So lately I’ve been thinking about, I guess, too many things. How fast time is going, the next book I want to read, how many pounds I want to lose, what I want to do in sunny California (now that it’s warmer up in my area), going back to school, starting the book, how much money I want to save (ahem, get out of debt first of course), what I want to do ‘when I grow up’… and the thoughts just keep coming.
I guess we all have a million things running inside our heads that somehow, someway, we just have to make it all come together. But, how do we do that? How can we keep track of everything and don’t have anything falling through the cracks? I see so many people running there lives, literally, and they all look like they just know how to keep it together. I guess been young, or as most people tell me “just starting off”, I still have a long way to go before I figure that one out. If it wasn’t that I still just want to grab a big chunk of the pie, NOW!
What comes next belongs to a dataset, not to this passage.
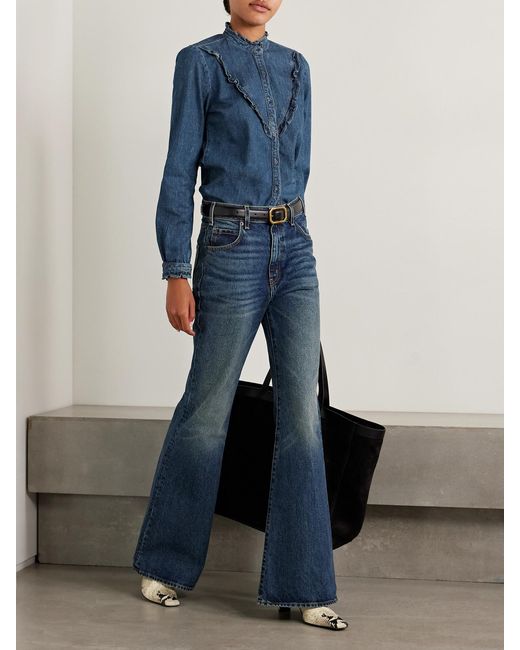 Nili Lotan Blue Marcela Ruffled Denim Shirt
And not just one pie, I want to take big chunks out of a bunch of pies. And it seems that my pies are ‘way up there’. Some might call me a dreamer; I like to think of myself as a believer. I believe I’ll lose those 5-7 pounds I’ve been dragging, I believe I’ll get in to the grad school I want to go to, I believe I’ll get to write the book, I believe I’ll be where I want to be five years from now. But, I also believe that I have to work for all of those things. So, NOW I’m doing the hard work. NOW I’m exercising (although I have been slacking a bit this last week). NOW I’m getting out of that horrible disease called credit card debt so that I don’t drag that into grad school. NOW I’m putting my thoughts on paper so that I can have the ‘warm up’ for the book. NOW, I think, I’m putting all the pieces together so that I can have the ‘grown up life’ I’ve been dreaming about, a few years down the road.
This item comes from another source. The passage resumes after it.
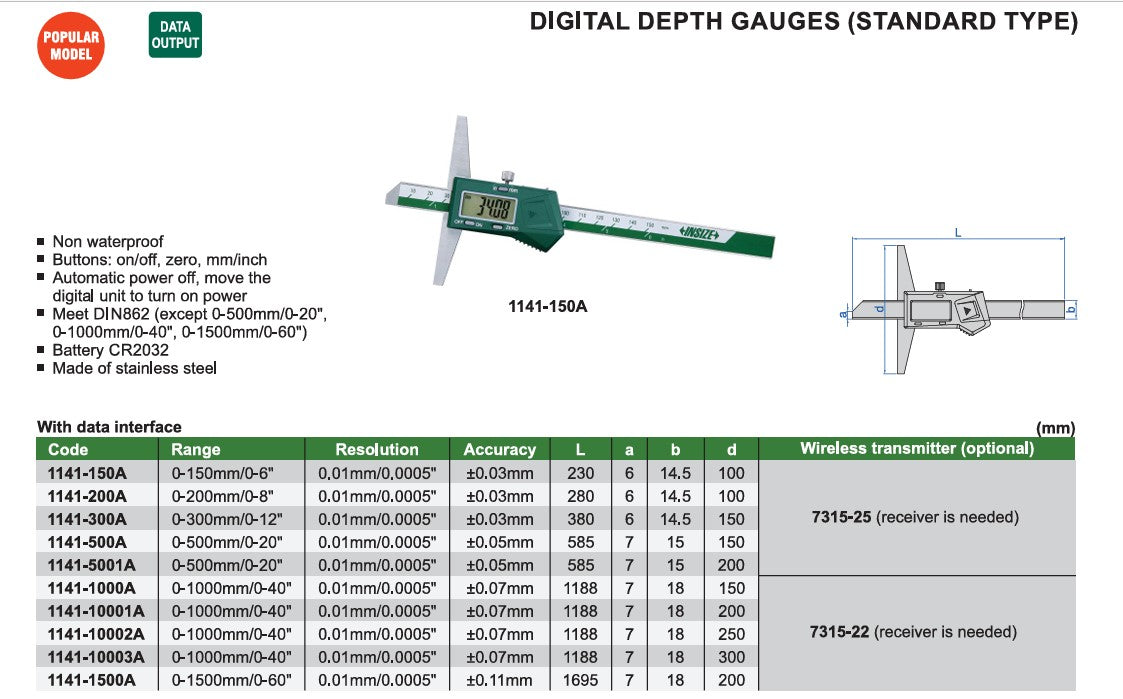 Insize Digital Depth Gauge 1141-150A (Standard Type )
I do know that a lot of things take time. I don’t want to say I’ve learned it the hard way, but it hasn’t been the easiest way either. But I’m willing to do the work NOW, and try to put all the pieces together. I’ll have my piece of the pie; heck, maybe I’ll have the entire pie. As long as I can look back and contemplate how it all came together and be proud of myself, I’ll be happy with all the effort. Even if I can’t have a piece of every single pie I wanted, the life that I’m living NOW makes it all worth while. Plus, if I can’t have a piece of the ‘creamy chocolate cheese pie’, then at least I'll know I saved half the calories of one of those 5-7 pounds I’m working on NOW!